How heady hip-hop and an African god of thunder play into the type of fighter Jamal James has become

“Shango” is on the phone explaining what “Shango” means. Hint: Think of a different version of Thor, and with a double-headed ax in place of that big-ass hammer as weapon of choice.

Jamal James

Jamal "Shango" James, left, brings the thunder like his namesake, with three stoppages in his last four fights.

“Shango is from African mythology. He’s the god of thunder, lighting and fire,” says unbeaten Jamal James (17-0, 9 KOs), detailing the origins of his nickname, which he took in tribute to his grandfather Aldric Peter Nelson. “He started a real popular [Minneapolis-based] calypso band named Shangoya. I got to see him perform and do his thing a couple of times. He ended up passing away [in 2004]. To kind of keep his memory alive, I adopted the name ‘Shango.’”

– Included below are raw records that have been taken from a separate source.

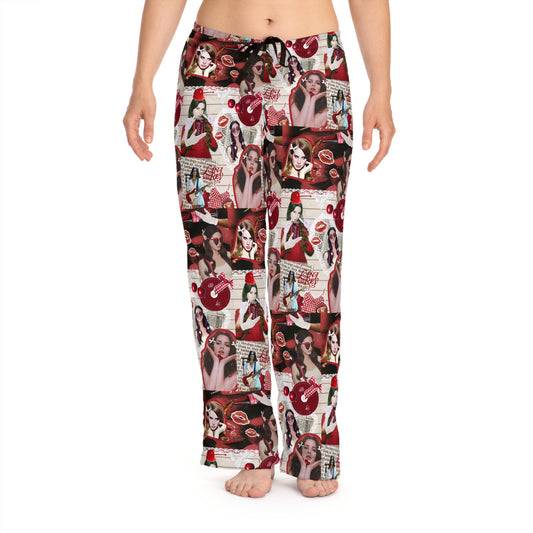 Lana Del Rey Cherry Coke Collage Women's Pajama Pants
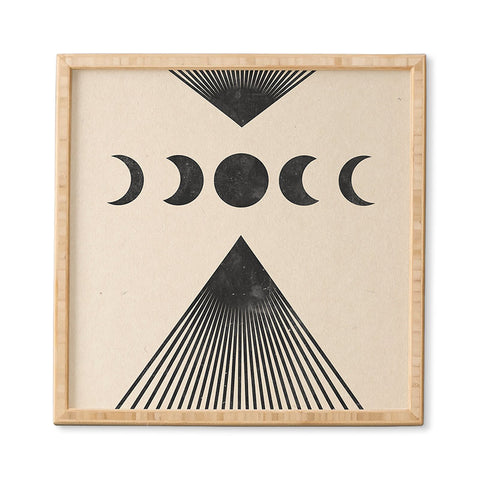 Emanuela Carratoni Moon Phases on Mountains Framed Wall Art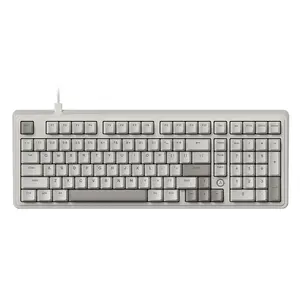 AJAZZ AK980 wired mechanical keyboard retro high-value office game 98 with column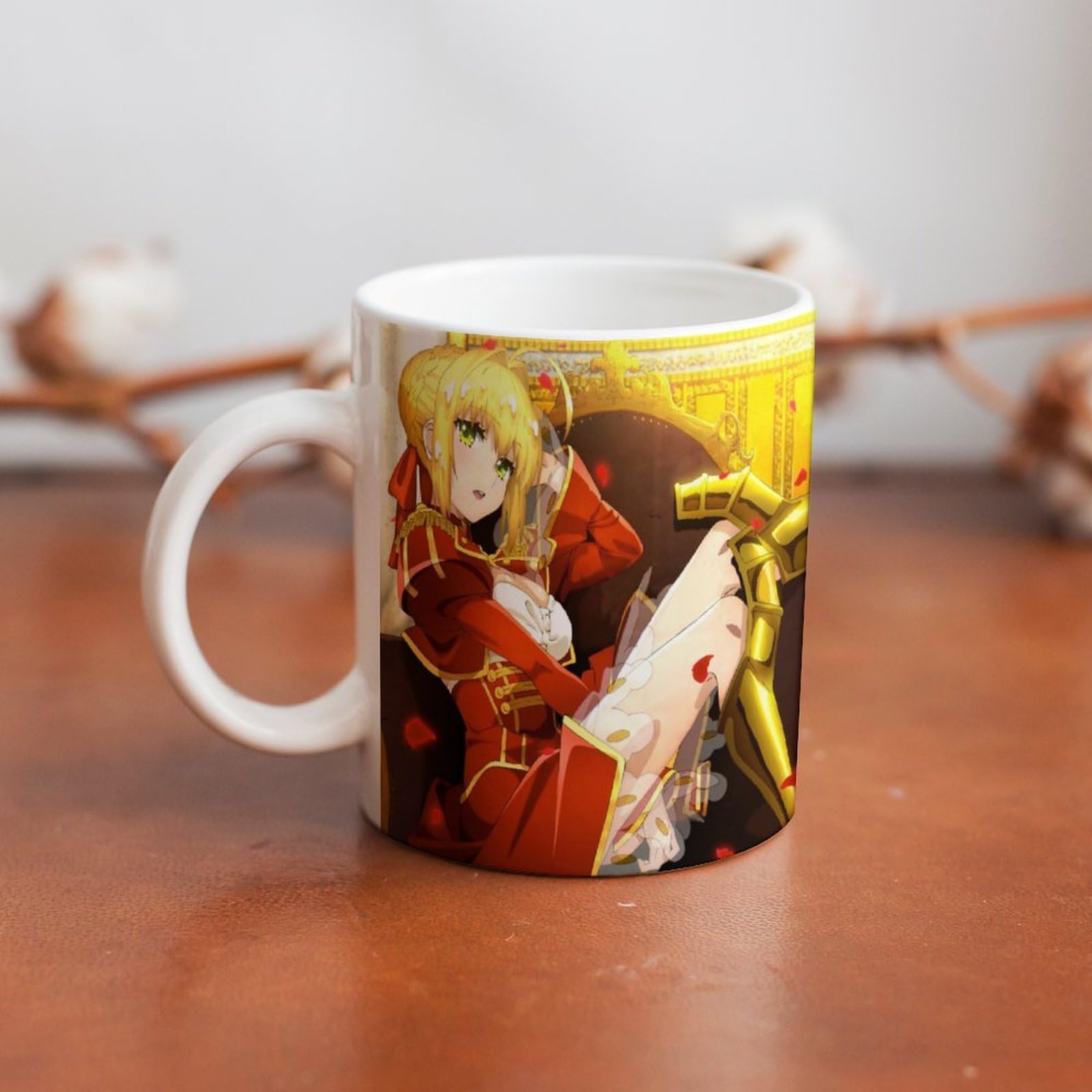 セイバーライオン マグカップ fate FGO Amazon.co.jp: マグカップ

James’ boxing nom de plume is telling for a couple of reasons.

First and foremost, if you liken yourself to a sky-dwelling deity who pounds out thundering rhythms in the clouds, you’d better be one bad dude.

And the 27-year-old James is that: long, lean and undefeated, a savvy technician with enough pop to make opponents pay for any of the mistakes that he attempts to lure them into. He'll bring his perfect record into the ring Friday night against Juan Carlos Abreu (18-1-1, 17 KOs) in a 147-pound showdown in Winter Park, Florida (Bounce TV, 9 p.m. ET/6 p.m. PT).

James’ handle also hints at another one of his passions in life outside the ring: music, which is practically his birthright.

In addition to his grandfather’s aforementioned background as a bandleader, James’ father owns his own production company, Soul Purpose Productions, and works with hip-hop, R&B and alternative artists.

Also, James’ stepfather, who doubles as his trainer, is a singer who recently released a CD.

For his part, James is more of a writer.

“I do lyrics for songs, mostly hip-hop, what they call ‘conscience rap,’” he says. “You’re rapping about certain subjects that might be on your mind or that you might be feeling strongly about. You’re able to get them out on paper with a pen and put it to a beat. I also like to write a little poetry here and there.”

James’ hometown of Minneapolis has a thriving hip-hop scene, centered around indie label Rhymesayers Entertainment, whose roster includes such notables as Atmosphere, MF Doom, Aesop Rock and plenty of others. Some of that label’s acts, like Brother Ali and Toki Wright, have come to James’ gym, Circle of Discipline.

James’ extracurricular musical pursuits aren’t incidental to the type of fighter he is, they’re directly related. Both are rooted in the kind of big-picture thinking that characterizes the kind of guy James is when he’s fighting—and when he’s not.

“It’s like a chess game for me, an art form,” he says of his approach in the ring. “Boxing itself is a lifestyle when you’re taking it seriously.”

James’ doesn’t take himself too seriously, though. He comes across as a loose, good-natured dude in conversation.

Shango? Not so much.

“That’s what we bring when we step in the ring,” James says of channeling his namesake come fight night. “We bring the lightning, the fire and the thunder.”